Amelia takes my hand for a handshake that feels very practiced. “Hayes and I got married in second grade.”

“Oh, that must’ve been adorable.” I beam at her. “I married my dog when I was nine. My sister and I were arguing over who got to be the bride and who had to be the bridesmaid, so we decided to take turns, but when Mom heard me talking about a honeymoon with Oreo, she freaked out over what the neighbors would think, so Hyacinth never got to be Oreo’s second wife.”

Hayes chuckles, and the sound wraps around me like a blanket made of chocolate lava cake. “Isn’t she adorable?”

“Quite…normal.” If Giovanna’s appalled, she’s hiding it well.

Amelia shakes her long, thick hair and smiles a vulture’s smile at me. “You probably shouldn’t tell that story in mixed company if you don’t want stories about yourself having sex with a dog spread across the tabloids. Have you ever dated someone famous, Begonia?”

“Just Oreo. He ate the mayor’s wife’s roses and made the local papers for it. Mostly because he wasn’t smart enough to stop after the first thorn made his tongue bleed.” I turn my beaming smile up at Hayes, and yes, I’m well aware that my dog being famous has nothing on the level of fame these people deal with every day. “But I’m attracted to smarter creatures now. And Oreo’s tongue was okay. It wasn’t as bad as the news made it sound. Plus, he was recovering from the ol’ snip-snip and still had a lot of painkillers in his body when it happened.”

The looks on their faces are priceless.

I can’t wait to tell Hyacinth that Jonas Rutherford’s mother will never forget me.

Obviously, I’d prefer it was for a better reason, but a girl has to work with what she’s got. And honestly? The idea of the whole Rutherford family sitting around a Christmas tree, fire roaring, laughing about that time Hayes pretended to be dating a girl who married her dog who went small-town viral when he was drugged-up and snip-snipped brings me a little joy.

Do people on Fifth Avenue talk about the things their pets do that aren’t normal or polite?

They always seem so stiff, like they need the little things to laugh at.

“Are any of you hungry?” I ask. “I think we have crackers. There was, erm, a refrigerator malfunction, so we’re out of butter. I can use the house phone to order a Tuber to have some lobster rolls delivered. Have you had the lobster rolls from Clickety Clack? They’re delicious. And I think it’s adorable that there’s a local named Mr. Tuberman who runs the Tuber. It’s like Uber, but not.”

“They know where Clickety Clack is if they’re hungry, darling,” Hayes says.

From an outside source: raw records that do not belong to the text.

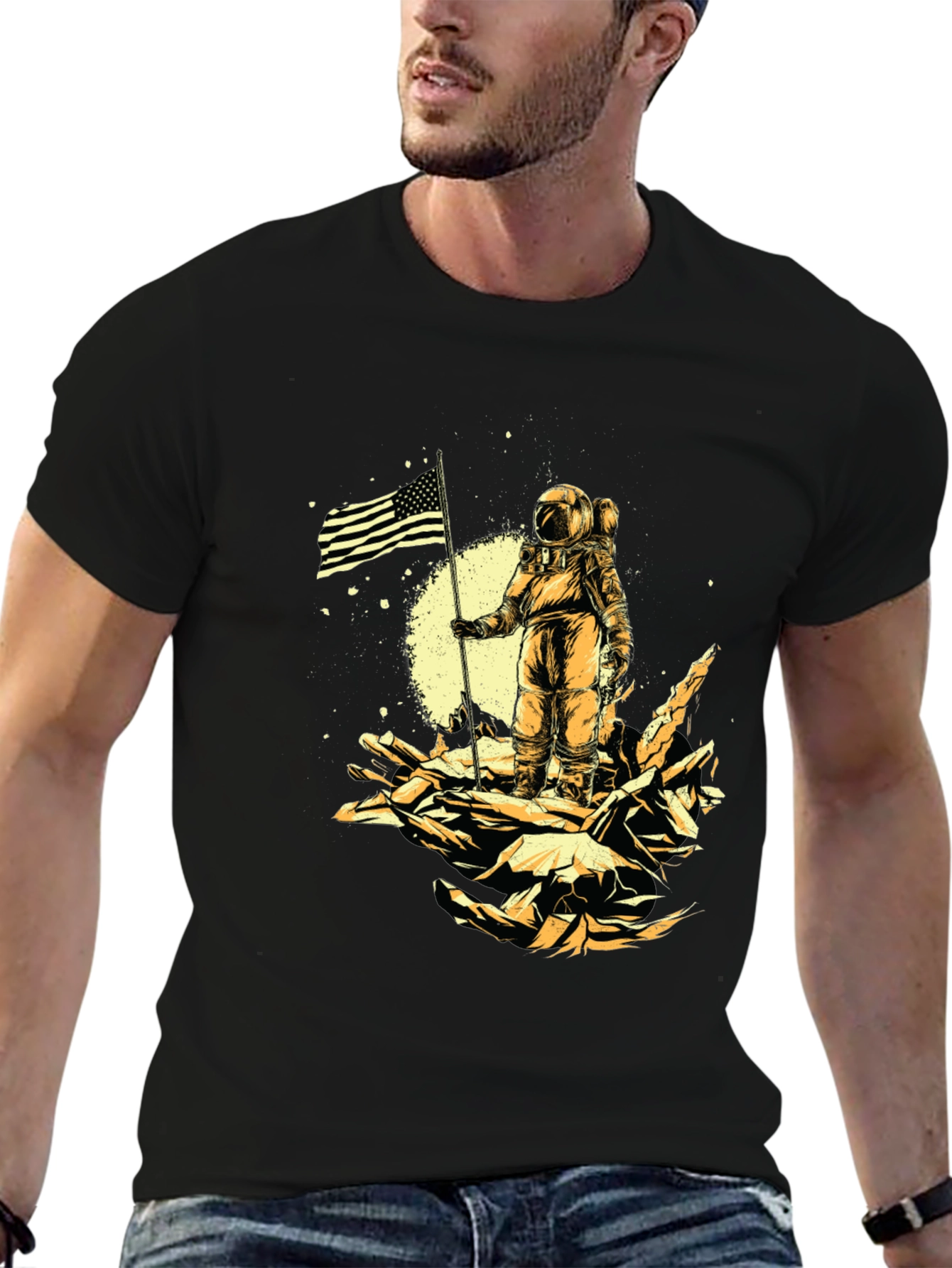 Astronaut USA Flag Graphic Print Black T-Shirt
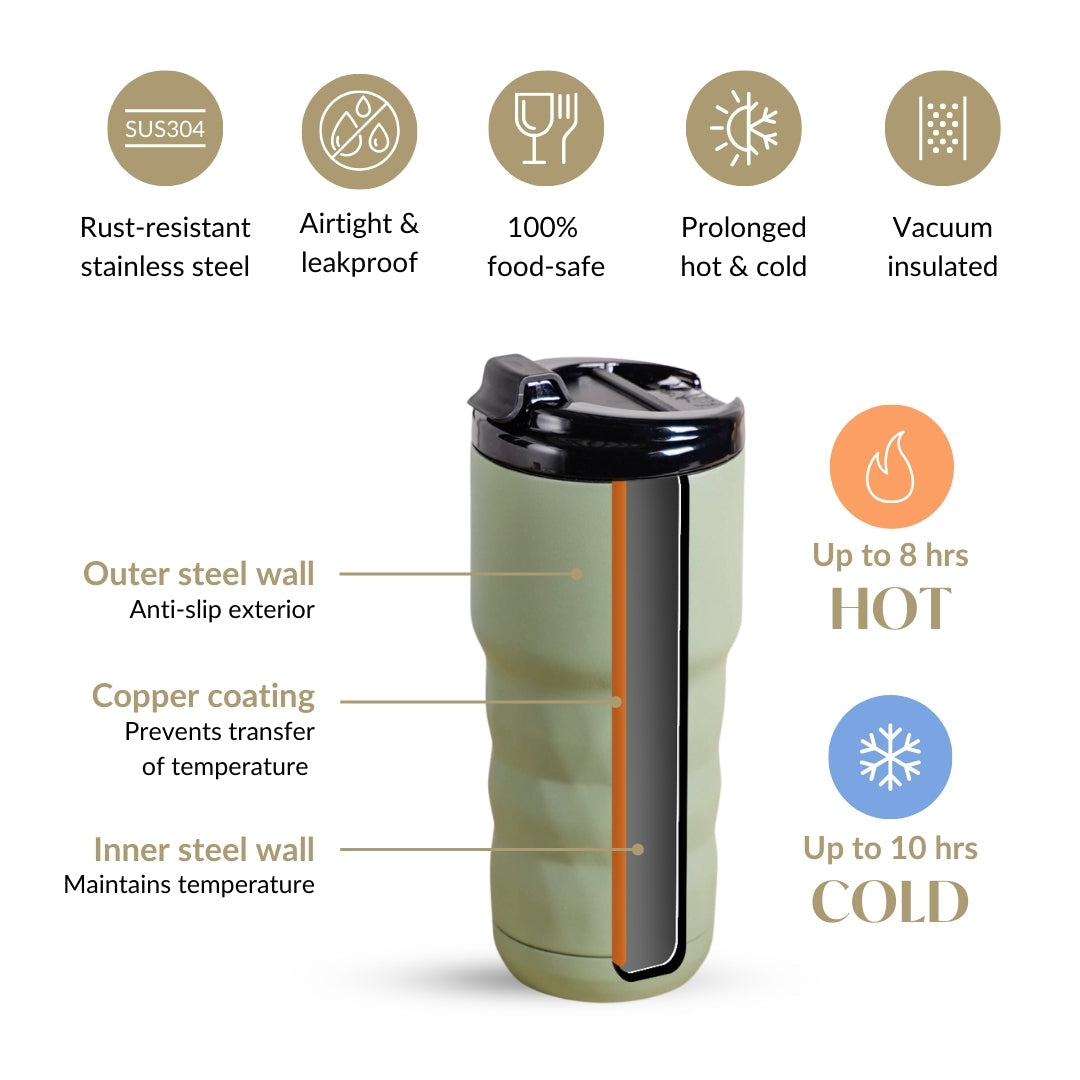 Brewster Grande Vacuum Copper Insulated Travel Flask Seaweed Green 590ml
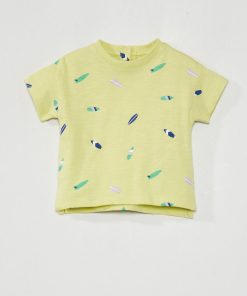 T-shirt en maille jersey - JAUNE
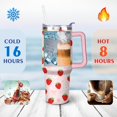 thumbnail image 4 of 40oz Cute Red Strawberry Stainless Steel Flip Straw Tumbler Spill Proof Travel Cup Double Wall Vacuum Insulated Coffee Mug with Top Handle, 4 of 6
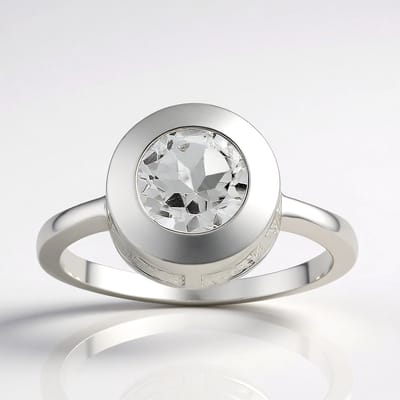 Cavill - Zilveren ring - 925 Sterling zilver - Witte Topaas 1 412 ct - Rond 7 mm - Elegante damesring - Tijdloos modern design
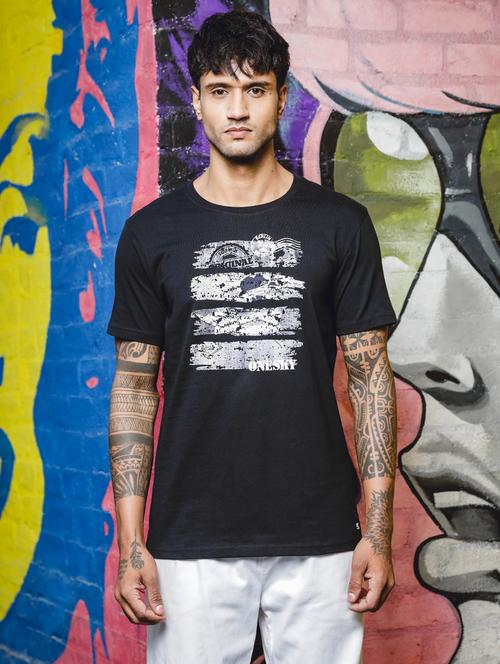 men round neck front print t-shirt - 21563332 - Standard Image - 0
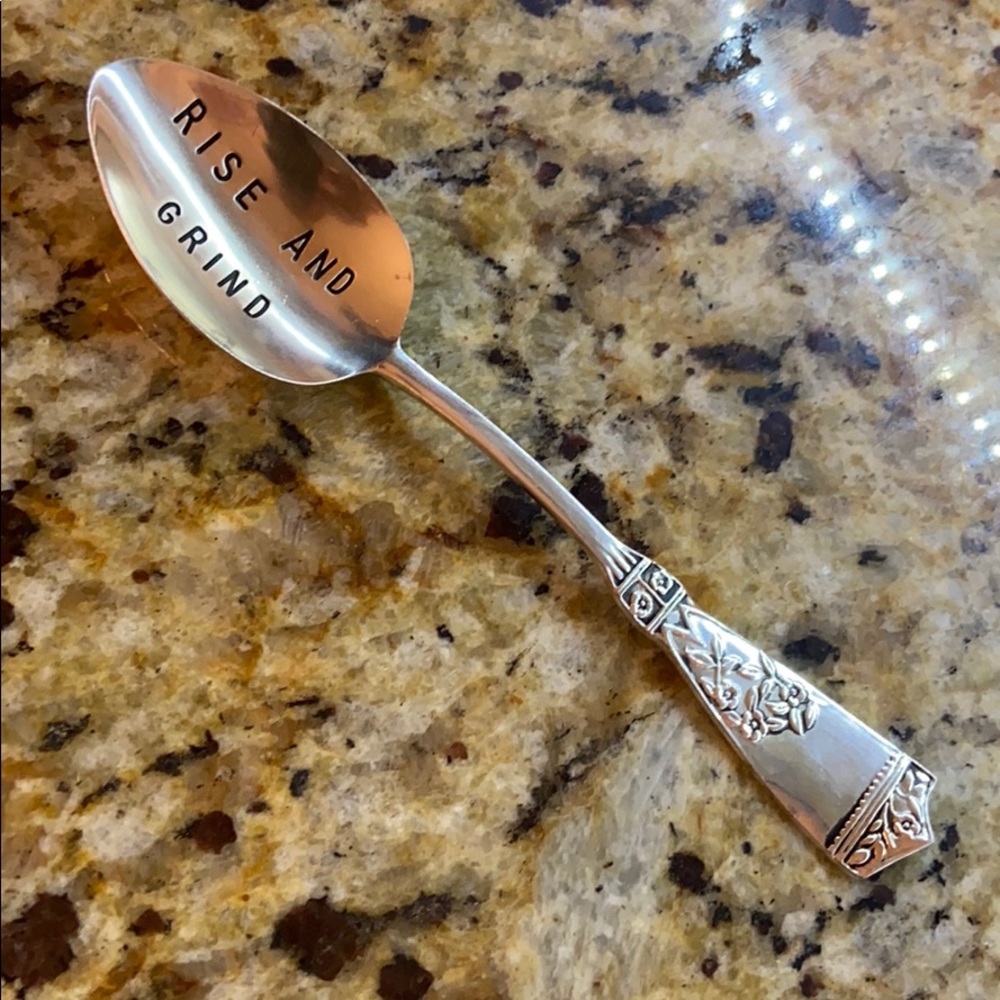 "Rise and Grind" stamped spoon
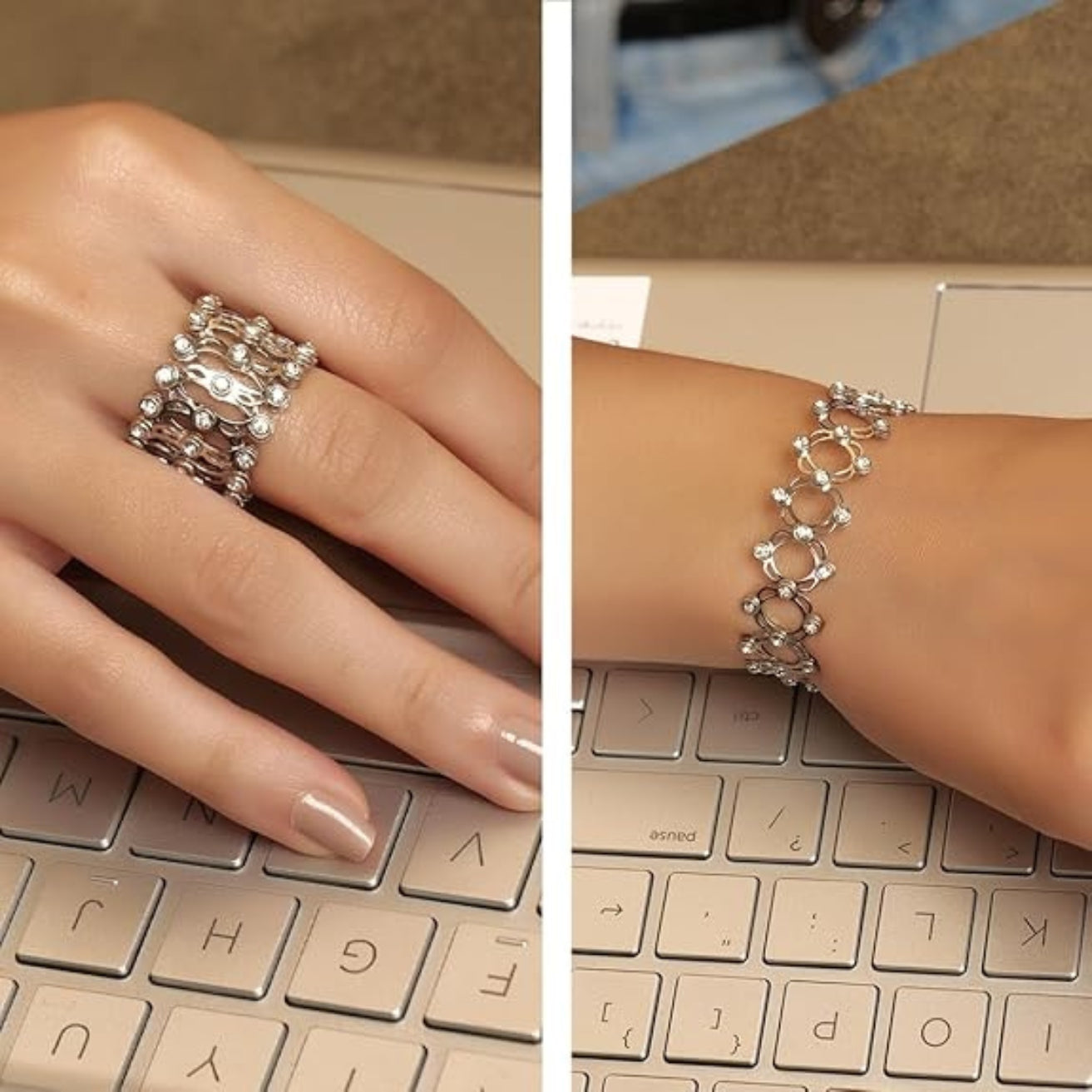 Pure 925 Hallmarked Silver Convertible Ring cum Bracelet, Rhodium Plated & Anti Tarnish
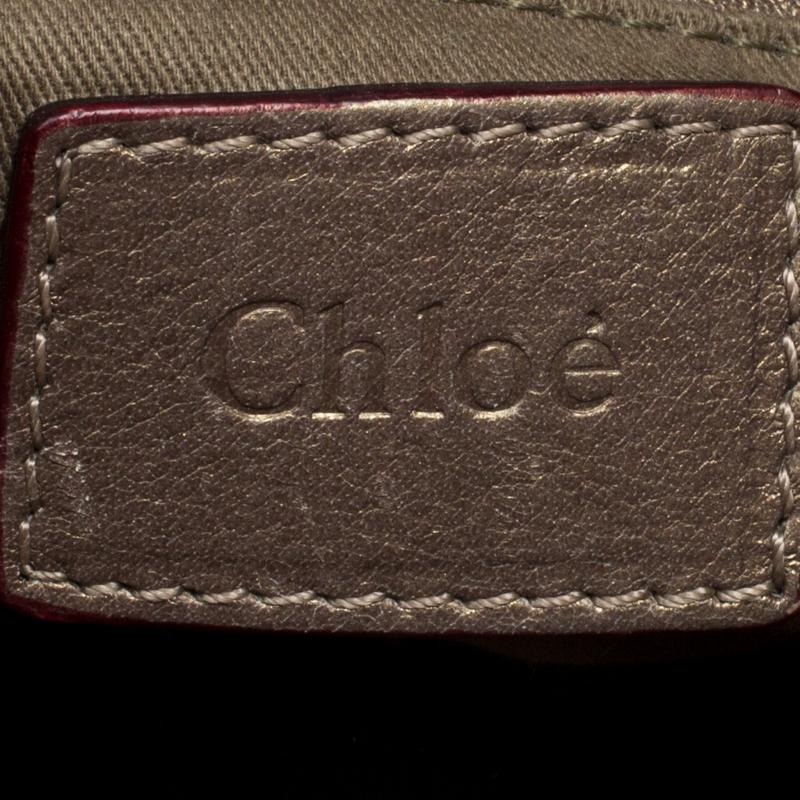 Chloe Metallic Dark Beige Leather Medium Marcie Satchel 6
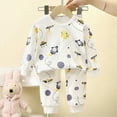 thumbnail image 2 of HCNTES Toddler Baby Boy All-Weather Clothes Long Sleeved Pullover Shirt + Pants 2 Pcs Casual Dailywear & Loungewear Outfits Set For Kids(A01-White,4-5 Years), 2 of 5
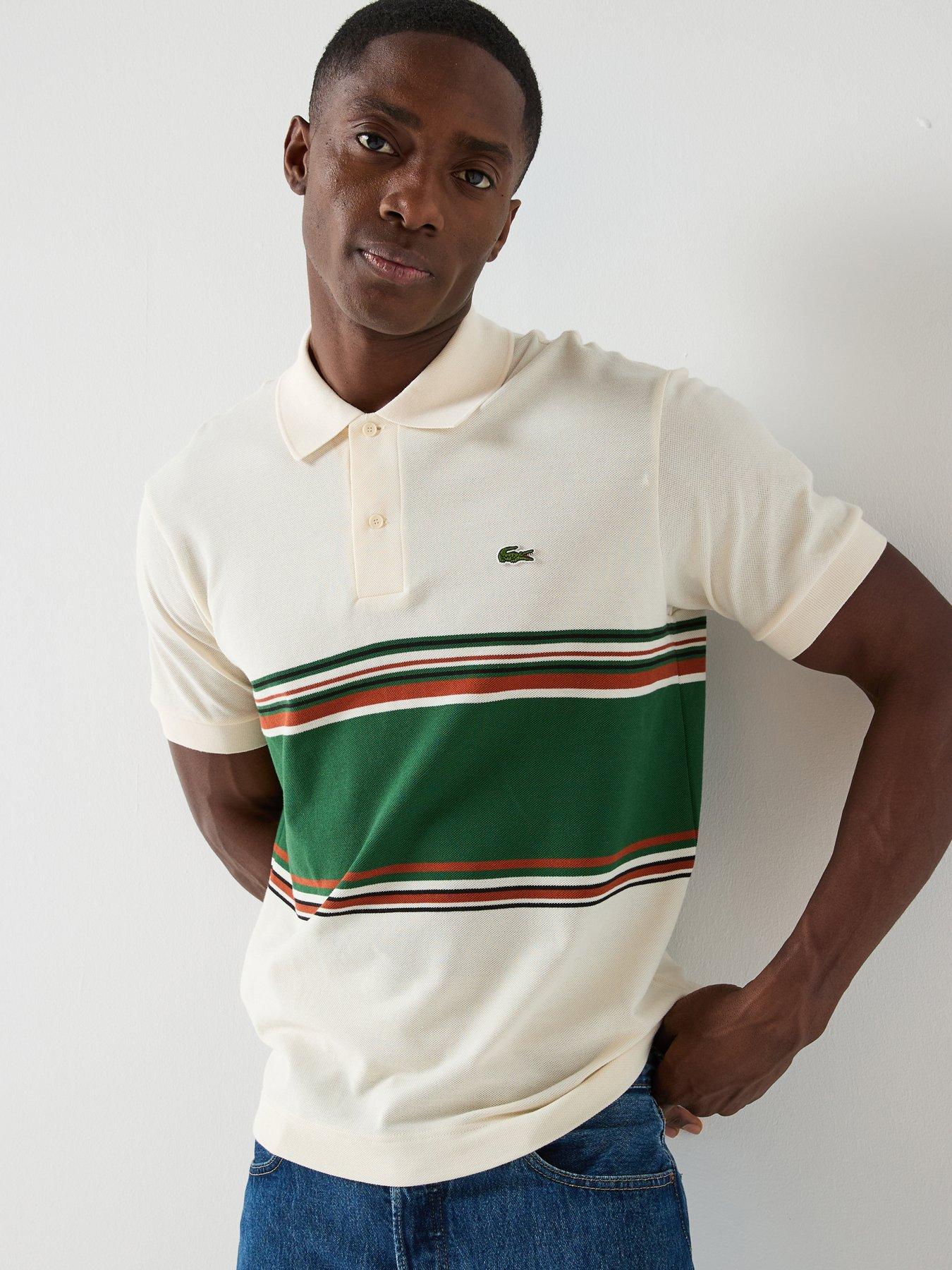 Lacoste French Made Striped Short Sleeve Polo Shirt - Cream
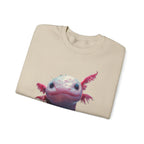 Pink Axolotl Illustration Sweatshirt | Cute Amphibian Art, Pastel Watercolor - 250 USA Celebration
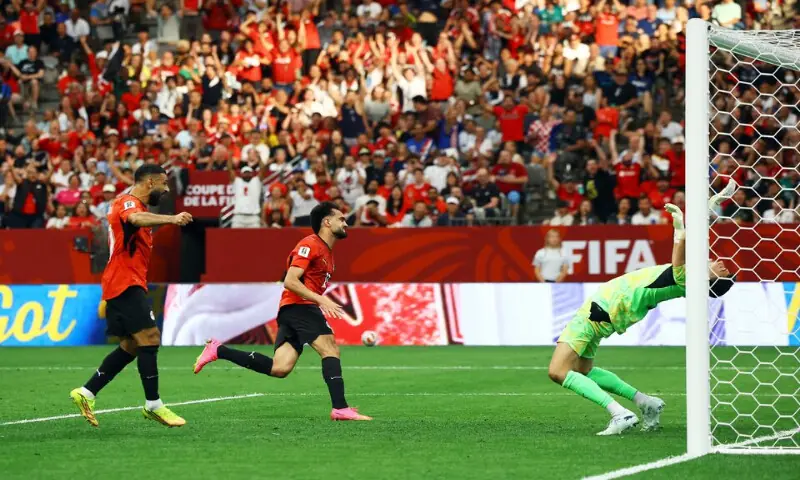 Egypt&rsquo;s Mostafa Zico scores their first goal against New Zealand in the World Cup clash in Vancouver, Canada. &ndash; Reuters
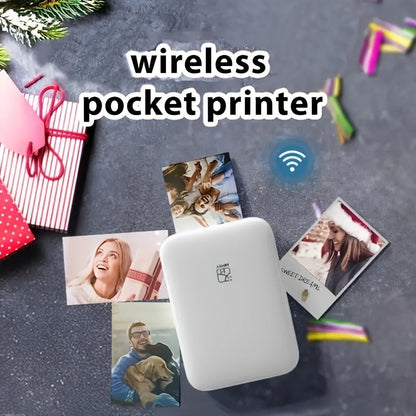 HPRT Wireless Portable Mini Color Printer - Free 5 Sheets of ZINK Paper, High Definition Color Reproduction, Direct Mobile Printing for iOS/Android Devices
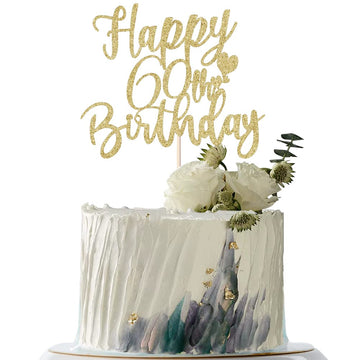 Yuinyo 60Th Handmade Glitter Happy Birthday Cake Topper, Cheers To 60Th Birthday Cake Bunting Decor,Birthday Party Decoration Su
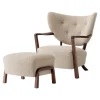 HAY Sitzgelegenheiten-&Tradition Wulff ATD2 Loungesessel und ATD3 Pouf, Karakorum 003, Walnuss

Giovanna’s lips go flat and tight.

“Don’t be a bear,” I whisper to Hayes. “They’ll think I’m a bad influence.”

“It’s not you, Bernardia,” Amelia says.

Begonia,” Hayes corrects. “Though I prefer to think of her as my bluebell.”

“Of course you do. I was always your azalea.”

Amelia Shawcross.

It clicks.

Holy sweet da Vinci on toast. “You were on Dancing with the Stars.”

“Amelia’s multi-talented.” The smile Giovanna aims at Amelia leaves no doubt just how much the older woman likes her. It’s a Sesame Street smile, except Giovanna doesn’t want Amelia to be her neighbor. She wants her to be her daughter-in-law. “She’s quite brilliant in her day job on Wall Street, runs a popular finance blog, and would’ve won that season if they hadn’t let a former cheerleader with seven years of dance training into the competition.”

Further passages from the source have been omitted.